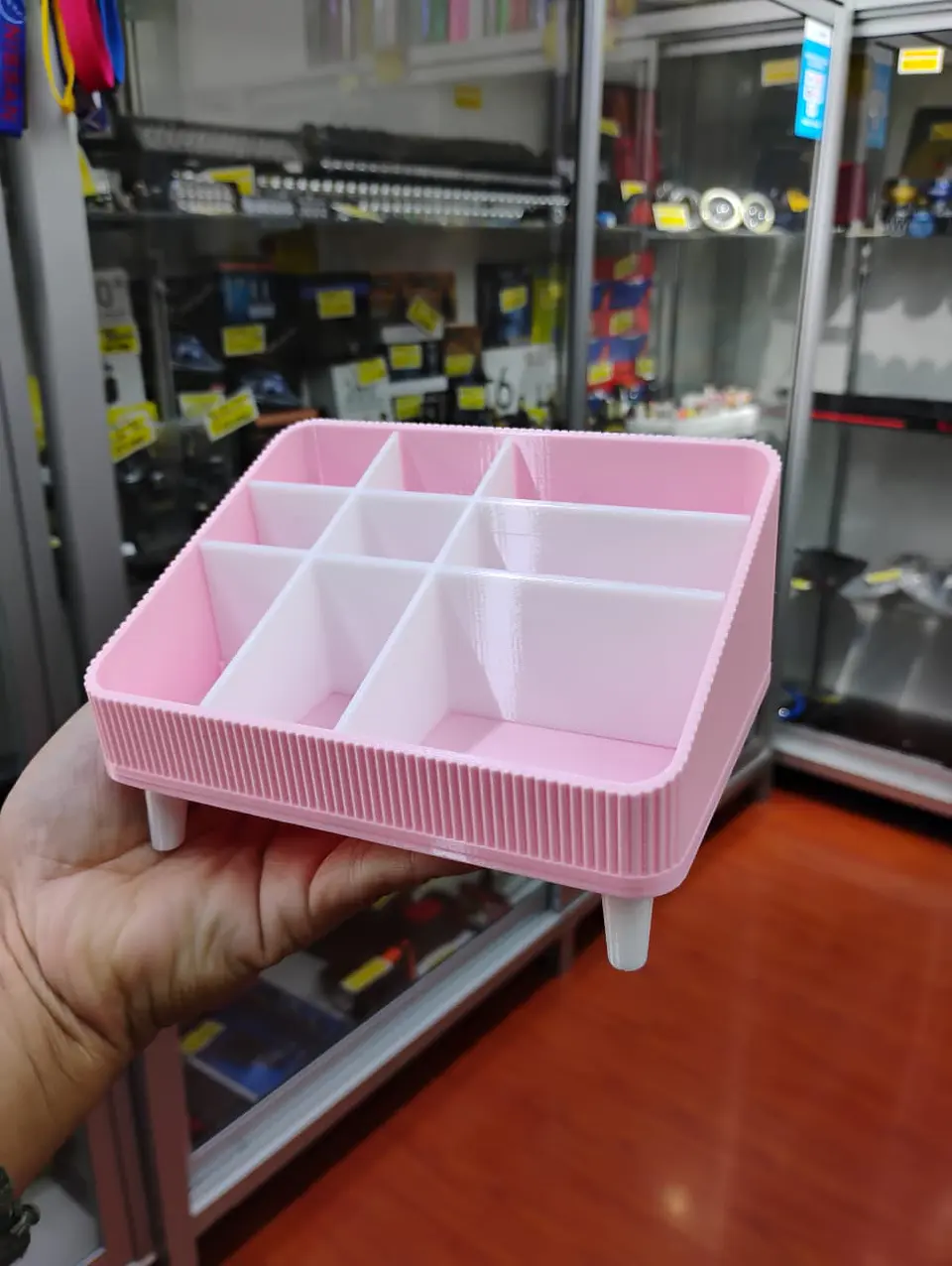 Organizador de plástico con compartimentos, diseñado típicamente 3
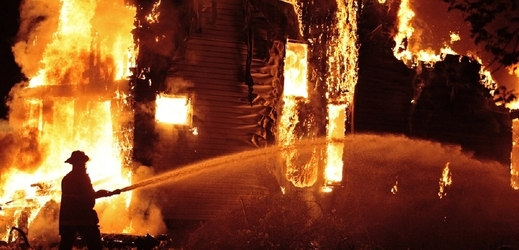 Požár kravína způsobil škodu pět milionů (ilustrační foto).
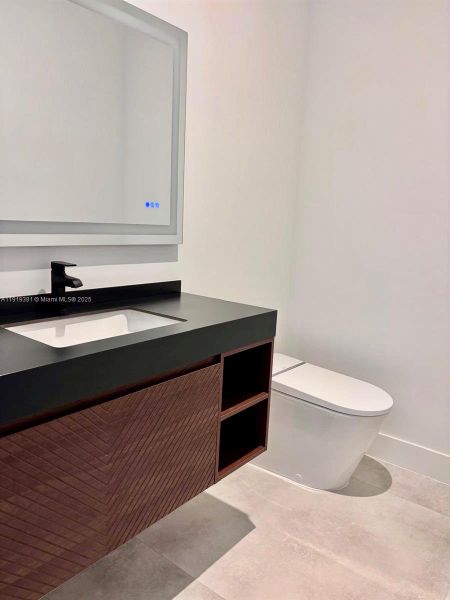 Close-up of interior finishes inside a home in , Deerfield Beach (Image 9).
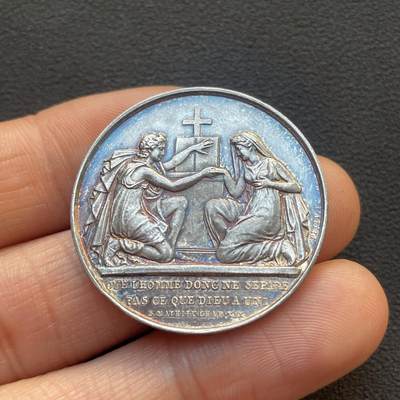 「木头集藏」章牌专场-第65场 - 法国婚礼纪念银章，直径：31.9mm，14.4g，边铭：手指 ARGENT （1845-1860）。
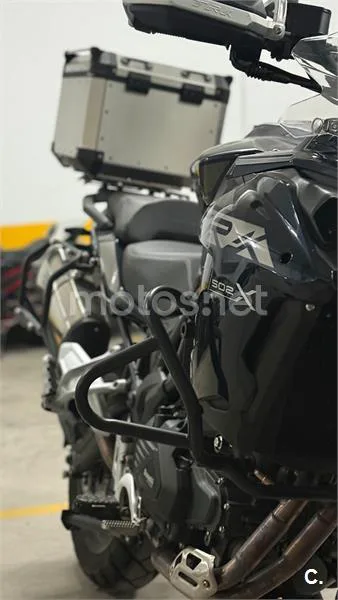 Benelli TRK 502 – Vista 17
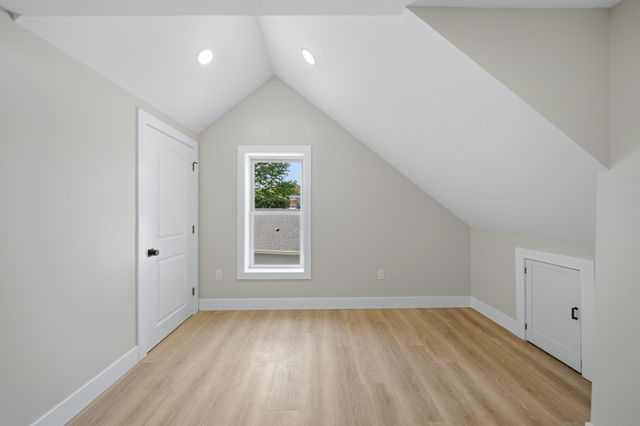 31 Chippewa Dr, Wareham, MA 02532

YOUR INSTRUCTIONS:
Take the line containing "Close-up of interior" as the first and the last line of the records as the end. Print every line in that span exactly, leaving out pictures.

THE ANSWER:
 Close-up of interior finishes inside a home in , Deerfield Beach (Image 9).
 「木头集藏」章牌专场-第65场 - 法国婚礼纪念银章，直径：31.9mm，14.4g，边铭：手指 ARGENT （1845-1860）。
 Benelli TRK 502 – Vista 17
 31 Chippewa Dr, Wareham, MA 02532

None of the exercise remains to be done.